The official claims a disruptive conclusion: a small model trained through strict medical specialization can outperform large medical benchmark models, while adapting to laptops, high-end mobile devices, and even smartphones.
QVAC states that MedPsy-1.7 billion parameters scored 62.62 points on seven closed medical benchmark tests, far exceeding Google MedGemma-1.5-4B-it's 51.20 points, with a parameter scale less than half that of the latter; MedPsy-4 billion parameters scored an average of 70.54 points, slightly ahead of MedGemma-27B-text-it's 69.95 points, with a parameter scale only one-seventh that of the latter.
In the HealthBench and the more difficult HealthBench Hard tests, the gap widened further: MedPsy-4B secured 74.00 points and 58.00 points, while MedGemma-27B-text-it scored only 65.00 points and 42.67 points.
If these scores can be replicated by third parties, it will directly validate QVAC's core idea: lightweight edge models can challenge oversized cloud systems in specific high-value vertical fields.
The training process also highlights QVAC's competitive thinking: MedPsy uses the Tongyi Qianwen 3 as the backbone model, with multi-stage supervised fine-tuning and medical Q&A reinforcement learning iteration optimization; over 30 million synthetic data points were generated in the experimental process, employing a dual-phase curriculum training, and using the Baichuan M3-235B large model as the long-text reasoning supervising teacher model.
Currently, its training corpus has not been made public, which poses a key concern: outstanding benchmark scores mostly come from QVAC's internal evaluations, and the potential contamination of training data, coverage scope, prompt word construction, and influence of the teacher model need external validation.
Quantization deployment advantages are prominent, with the official releasing a GGUF quantized version compatible with llama.cpp and QVAC SDK, which employs Q4_K_M quantization to reduce the model size by 69%, while achieving an average score loss of less than 1 point. Under the optimal balance of size and performance, the 4 billion parameter model is only 2.72GB, and the 1.7 billion parameter version is merely 1.28GB, easily deployable on local devices.
QVAC officials have also made clear risk warnings, stating that MedPsy only supports text interaction, is limited to English use, is not suitable for clinical emergency scenarios, has inherent hallucination issues of large models, and requires developers to ensure user privacy and security within the entire application architecture.
The medical field itself has a strong demand for local inference, and the prospects for MedPsy are promising; however, only when external researchers replicate benchmark scores and test them in real clinical processes can its capabilities be fully validated.
Convenience vs Control: The Ultimate Game in the AI Industry
The debate between local AI and cloud AI is often simplified to a choice between privacy and performance. However, QVAC reconfigures this logic, essentially involving a trade-off between convenience and autonomy of control.

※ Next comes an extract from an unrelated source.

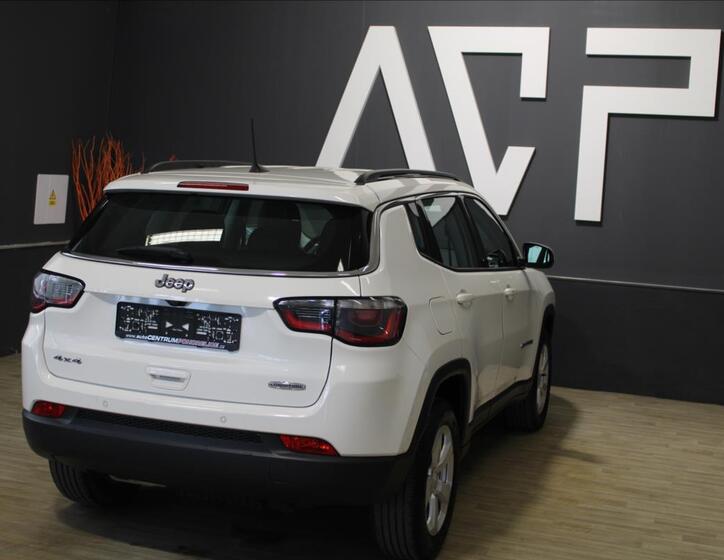Jeep Compass 8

Cloud AI excels in extreme ease of use, allowing users to open applications, input commands, and receive results without worrying about model weights, device memory, quantization parameters, vector embeddings, and environmental compatibility—platforms handle all technological complexities. This extreme convenience is also the core reason why centralized AI platforms can rise rapidly, enabling users to enjoy top-tier intelligent capabilities at a very low threshold.

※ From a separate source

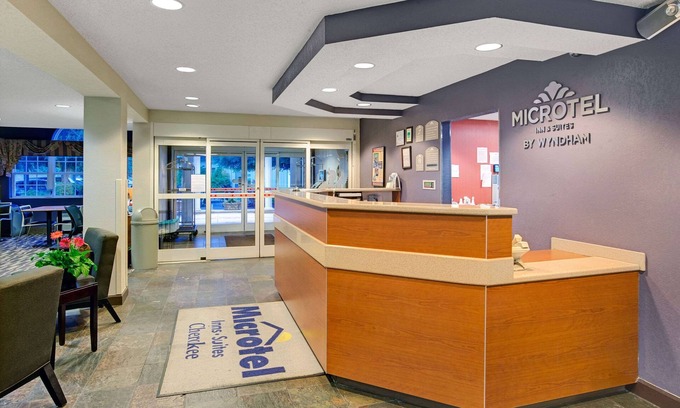 Cherokee Hotel | Microtel Inn & Suites by Wyndham Cherokee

In contrast, QVAC requires developers and users to take on more operational responsibilities in exchange for a new security architecture: local offline operation, offline availability, reduced data leakage, escaping API dependency, while also enabling direct peer-to-peer inference and model distribution channels.
According to Tether SDK information, applications powered by QVAC can operate stably in weak network environments, and even under offline conditions, artificial intelligence can continue to function normally. By 2025, early announcements for QVAC further outline that AI entities can be directly deployed on local devices, with devices collaborating through a P2P network, and with the WDK suite, AI entities can autonomously conduct Bitcoin and USDT asset transactions.
This is precisely Tether's complete top-level logic, where funds, computing power, and intelligent entities follow the same model of autonomous sovereignty design.
Of course, its decentralization narrative is not without flaws. From the perspective of users being able to download models themselves, run them locally, and retain sensitive data on their devices, QVAC has achieved a high level of decentralization in inference, unlike hosted APIs that no longer control every interaction instruction from the platform. Relying on the Holepunch network architecture, QVAC also supports delegated inference, decentralized model distribution, and other P2P foundational capabilities, and the architectural design showcases substantial innovation.
However, there are still centralized attributes on the governance front. QVAC is fully funded by Tether, with the naming coordination, market promotion, flagship applications, model systems, SDK roadmap, and "stable intelligence" concept all being led by a single entity.
This situation does not conflict with its core value of local priority; it merely confines the advantages of decentralization to the inference operation layer where evidence is most robust; the entire ecosystem still needs to gradually establish a distributed governance mechanism in aspects such as default registered nodes, version release channels, security standards, model entry points, and long-term community governance.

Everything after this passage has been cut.